Requirement
The response should hold every record from the listing that follows, verbatim, and no pictures.

- - - - - - -

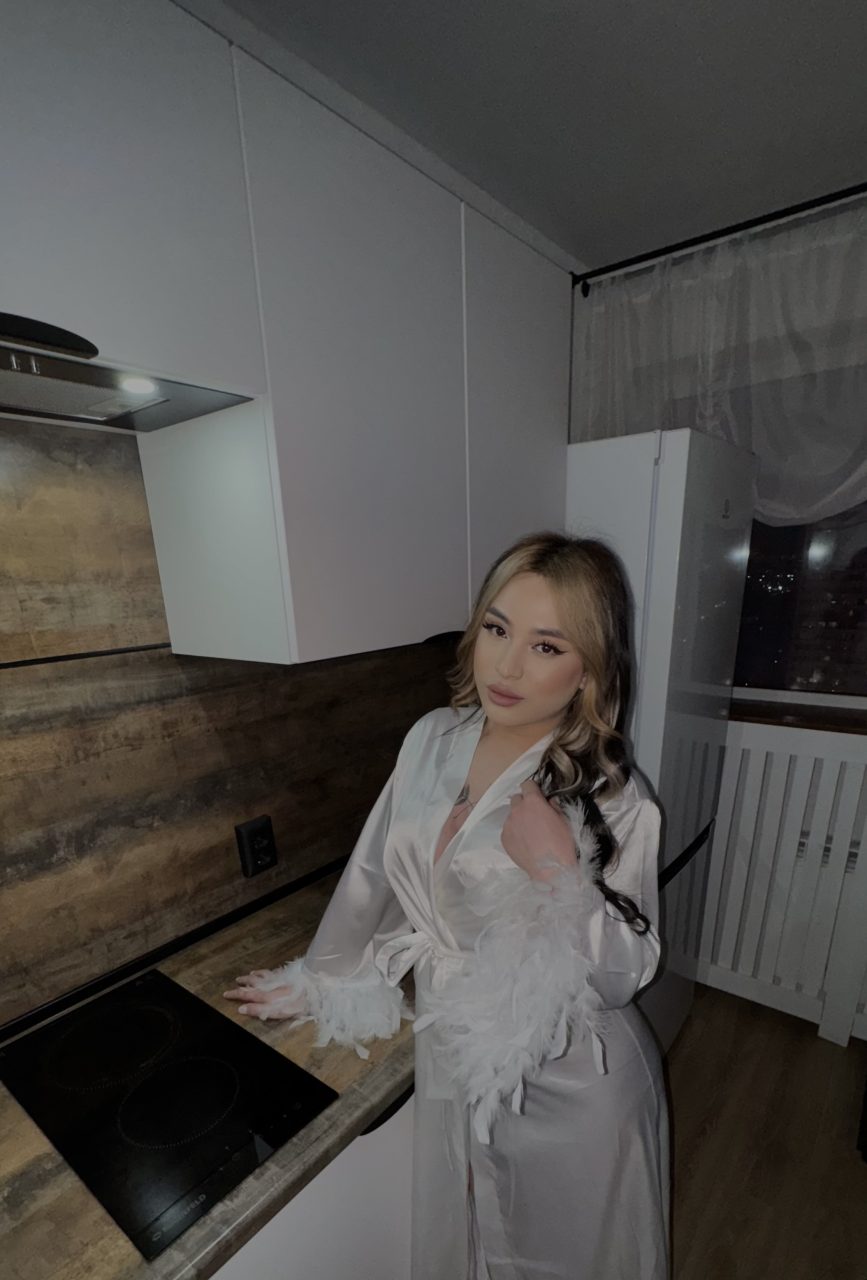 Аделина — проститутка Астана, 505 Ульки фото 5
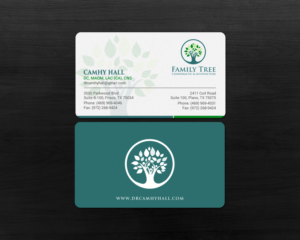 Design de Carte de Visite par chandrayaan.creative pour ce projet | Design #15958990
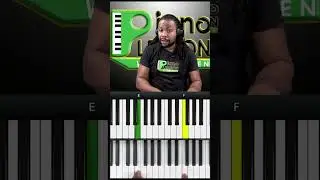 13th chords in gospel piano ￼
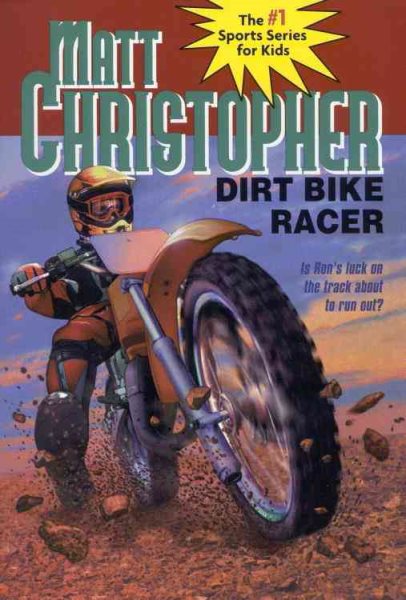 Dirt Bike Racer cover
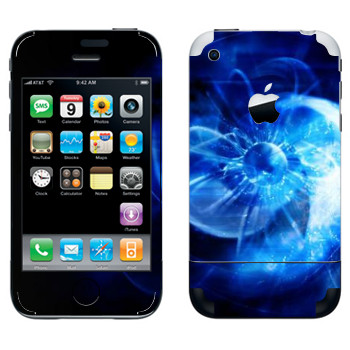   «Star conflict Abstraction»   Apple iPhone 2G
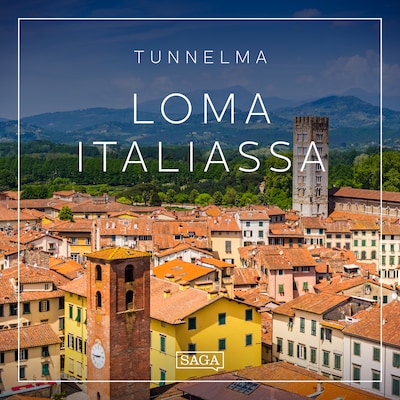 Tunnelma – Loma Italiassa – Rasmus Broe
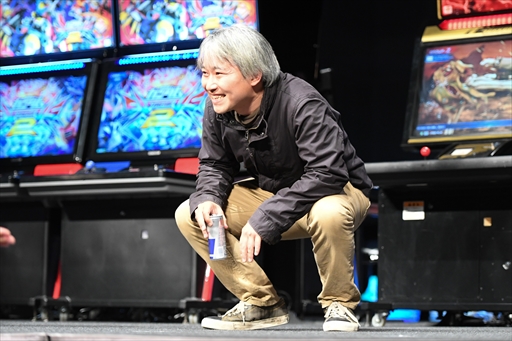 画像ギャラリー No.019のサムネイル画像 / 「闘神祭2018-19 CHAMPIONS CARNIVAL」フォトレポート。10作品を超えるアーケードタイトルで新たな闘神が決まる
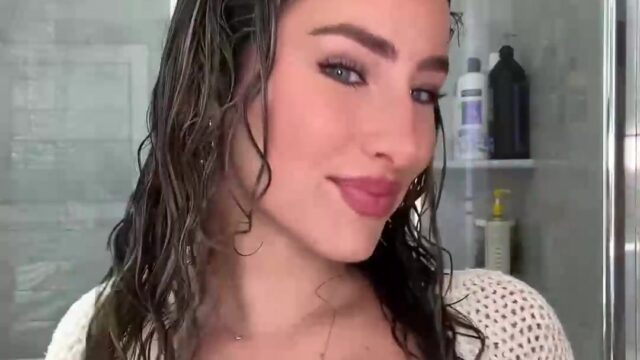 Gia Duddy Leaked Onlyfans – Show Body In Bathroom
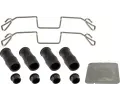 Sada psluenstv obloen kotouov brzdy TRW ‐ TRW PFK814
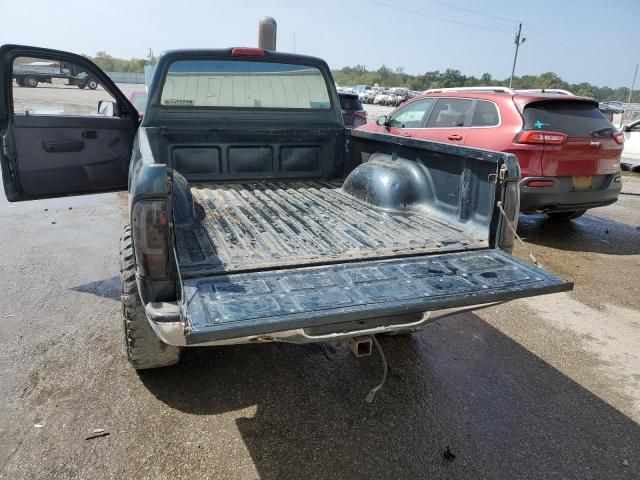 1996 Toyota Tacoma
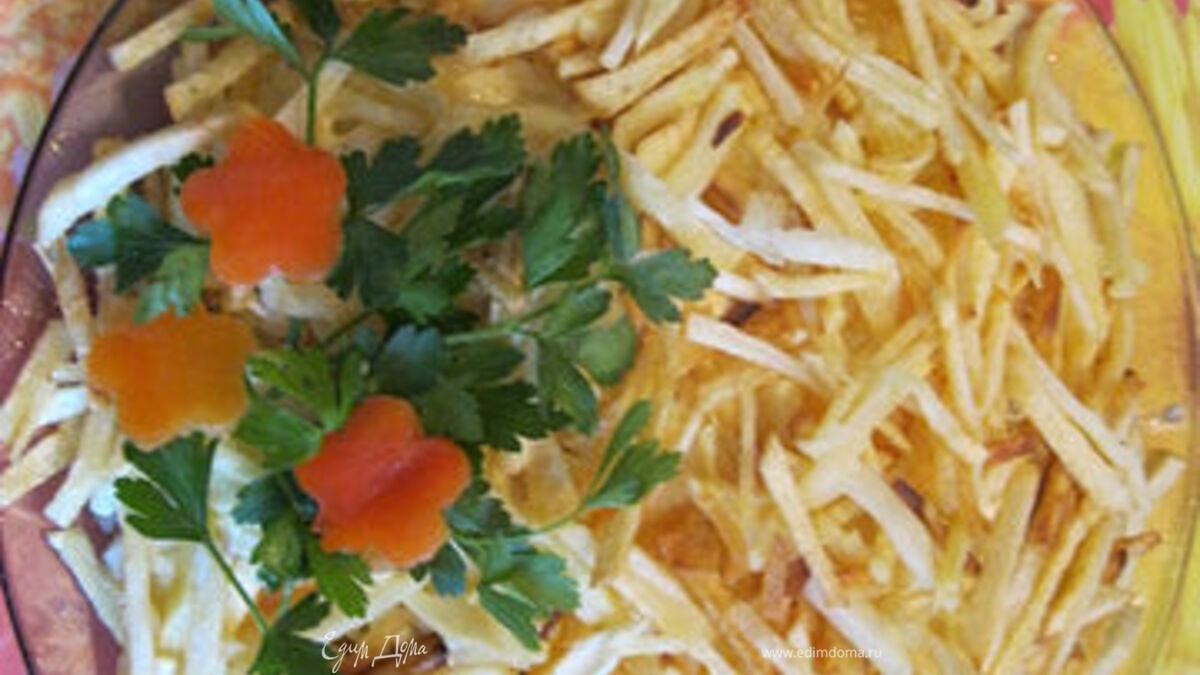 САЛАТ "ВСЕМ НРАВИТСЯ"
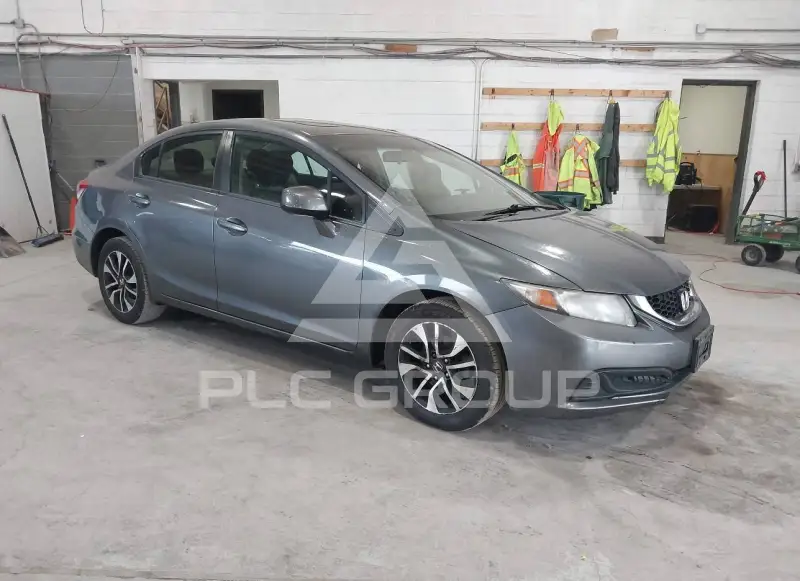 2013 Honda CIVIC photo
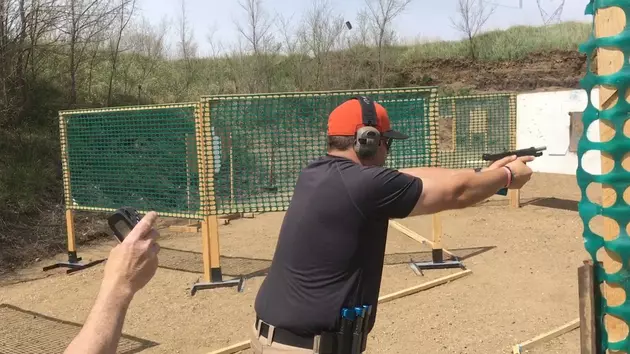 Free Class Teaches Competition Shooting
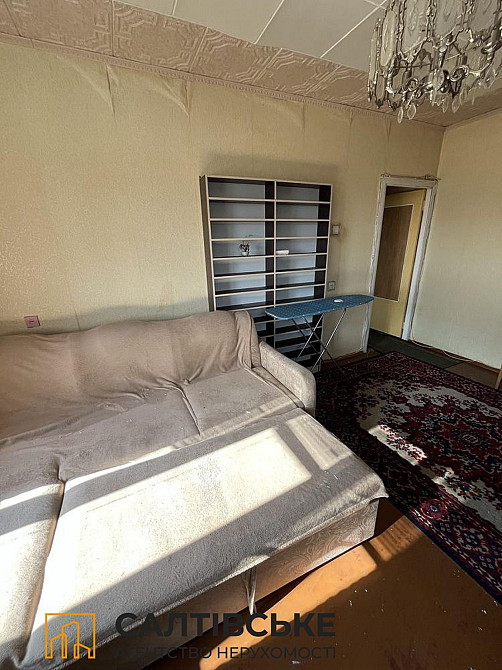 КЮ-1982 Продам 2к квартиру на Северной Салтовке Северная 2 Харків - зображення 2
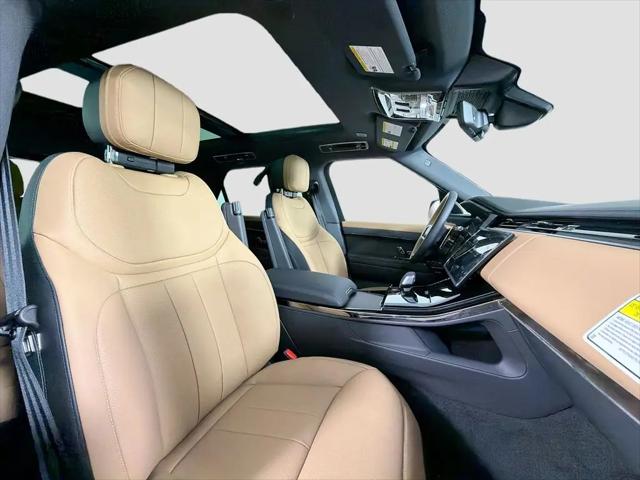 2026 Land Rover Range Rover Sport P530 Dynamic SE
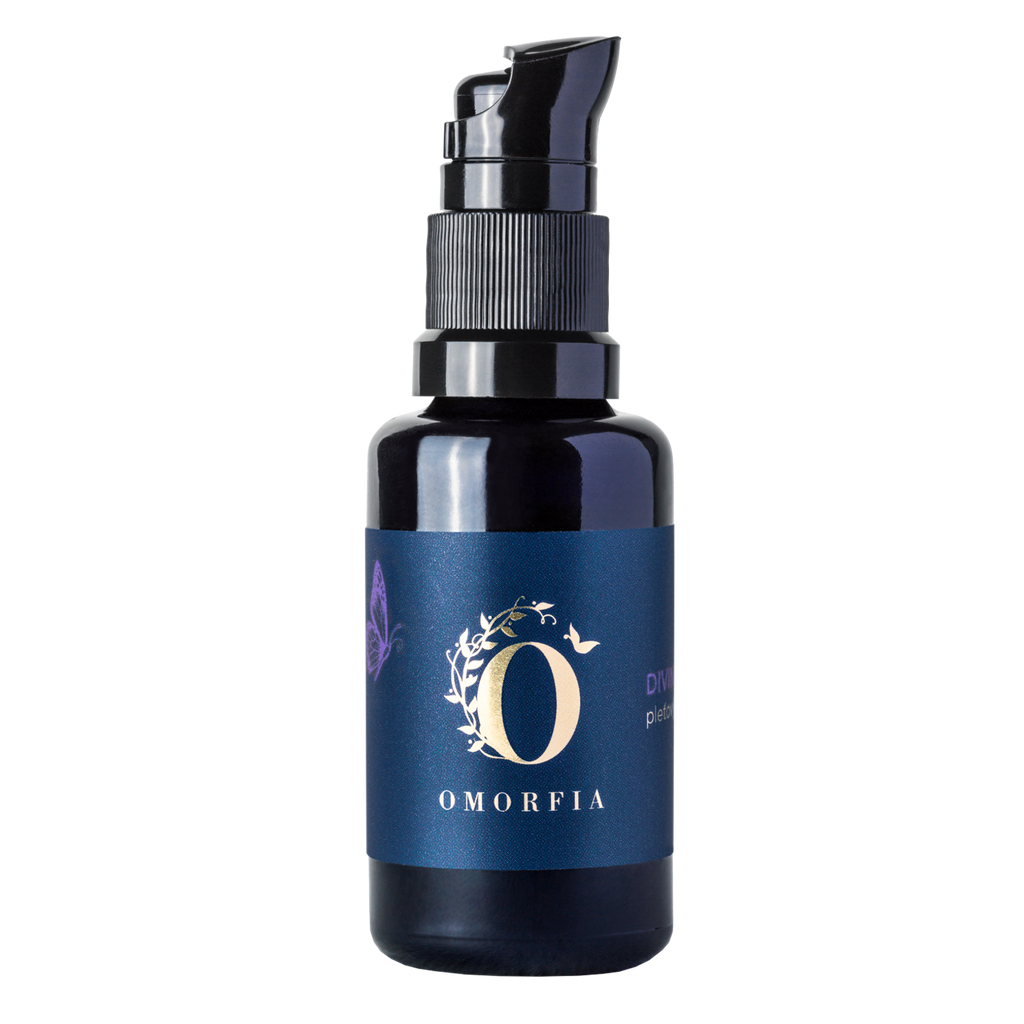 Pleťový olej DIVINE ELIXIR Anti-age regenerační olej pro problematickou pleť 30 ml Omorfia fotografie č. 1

- - - - - - -

Answer space
 Аделина — проститутка Астана, 505 Ульки фото 5
 Design de Carte de Visite par chandrayaan.creative pour ce projet | Design #15958990
 13th chords in gospel piano 
 Dirt Bike Racer cover
   «Star conflict Abstraction»   Apple iPhone 2G
 Tunnelma – Loma Italiassa – Rasmus Broe
 画像ギャラリー No.019のサムネイル画像 / 「闘神祭2018-19 CHAMPIONS CARNIVAL」フォトレポート。10作品を超えるアーケードタイトルで新たな闘神が決まる
 Gia Duddy Leaked Onlyfans – Show Body In Bathroom
 Sada psluenstv obloen kotouov brzdy TRW ‐ TRW PFK814
 1996 Toyota Tacoma
 САЛАТ "ВСЕМ НРАВИТСЯ"
 2013 Honda CIVIC photo
 Free Class Teaches Competition Shooting
 КЮ-1982 Продам 2к квартиру на Северной Салтовке Северная 2 Харків - зображення 2
 2026 Land Rover Range Rover Sport P530 Dynamic SE
 Pleťový olej DIVINE ELIXIR Anti-age regenerační olej pro problematickou pleť 30 ml Omorfia fotografie č. 1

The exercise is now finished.